ROBOTS.TXT is a suicide note

datalist · on Jan 12, 2017

Nothing in their rambling even remotely supports their argument.

Yes, robots.txt is no magic bullet against ill-behaving crawlers (as proven by ArchiveTeam) but it never was supposed to be that.

You choose to ignore my specific wish not to be crawled by you? Fair enough, I'll return the favour and simply block your useragent

  ArchiveTeam ArchiveBot/[DATECODE] (wpull [VERSION]) and not Mozilla/5.0 (Windows NT 6.1; WOW64) AppleWebKit/537.36 (KHTML, like Gecko) Chrome/[VERSION] Safari/537.36

In Apache for example

  # Remove the ^ anchor in case text gets prepended
  RewriteCond %{HTTP_USER_AGENT} ^ArchiveTeam
  RewriteRule .* - [F,L]

and if possible your IP ranges.

sgift · on Jan 12, 2017

That's okay. You and the three people on this planet who actually use a robots.txt because they don't want to be crawled are not the ones they care about. The 99% that just blindly copied some tutorial which said something bright like "only allow Googles bot" without thinking about it are.

krapp · on Jan 12, 2017

You're assuming ill-behaving crawlers wouldn't show you a completely mundane user-agent.
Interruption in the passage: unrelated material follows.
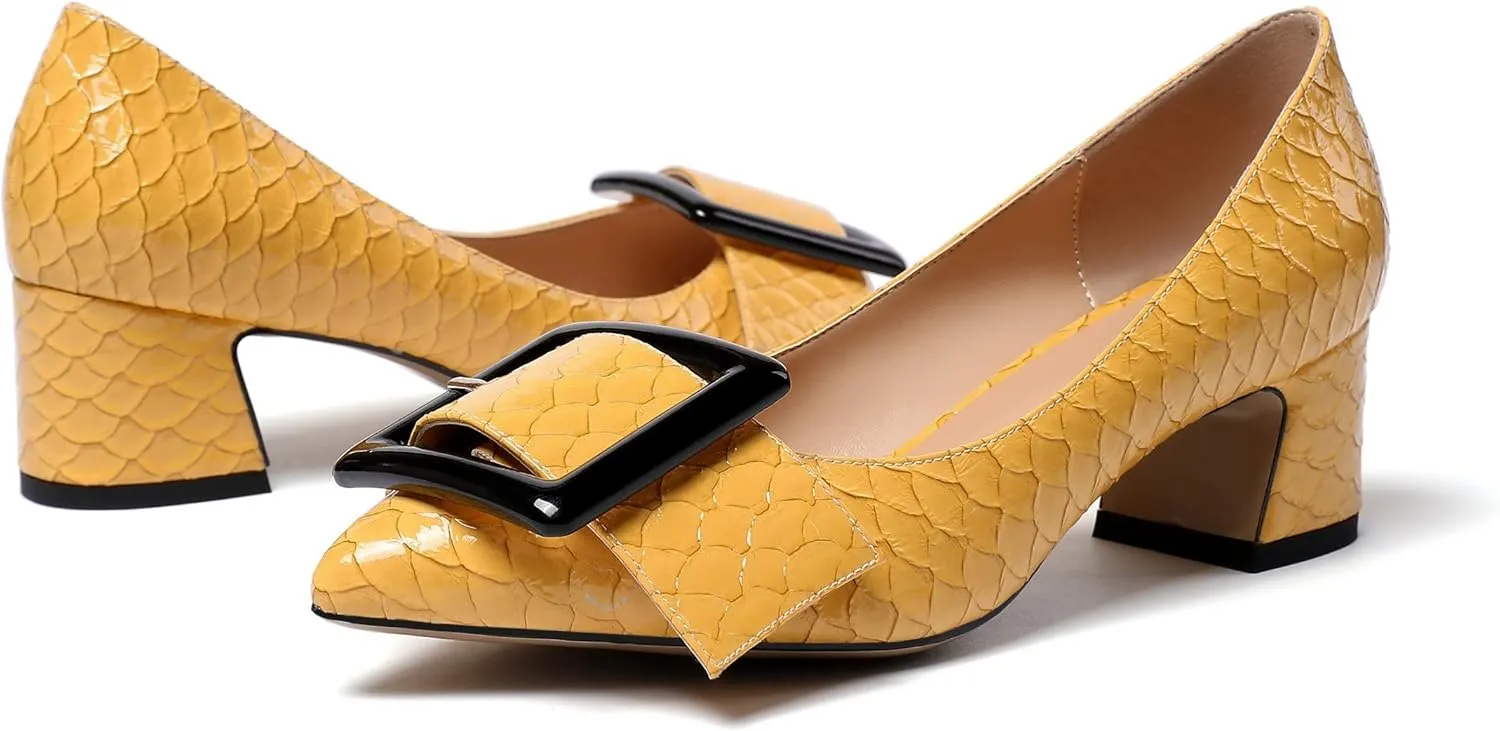 Mettesally Women's Block Heels Chunky Heel Pumps Classic Pointed Toe Slip On Buckle Wedding Office Dress Shoes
I know they often don't... and I wonder why they don't, but there's no reason they should.

zamber · on Jan 12, 2017

Resistance is futile. Eventually you'll get a malicious crawler ignoring robots.txt, changing the UA for each request and querying you from a distributed network of different data centers.
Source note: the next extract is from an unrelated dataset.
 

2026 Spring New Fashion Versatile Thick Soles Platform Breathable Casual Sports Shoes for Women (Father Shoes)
metabrew · on Jan 12, 2017

Shoutout to the Last.fm robots.txt, which contains this:

    Disallow: /harming/humans
    Disallow: /ignoring/human/orders
    Disallow: /harm/to/self

theandrewbailey · on Jan 12, 2017

link: http://www.last.fm/robots.txt

xja · on Jan 12, 2017

Currently returning:

Resource Limit Is Reached

The website is temporarily unable to service your request as it exceeded resource limit. Please try again later.

The irony! Cache link:

http://webcache.googleusercontent.com/search?ei=h0J3WMKKA4er...

louis-paul · on Jan 12, 2017

On the page: "While the onslaught of some social media hoo-hah will demolish some servers in the modern era, normal single or multi-thread use of a site will not cause trouble, unless there's a server misconfiguration"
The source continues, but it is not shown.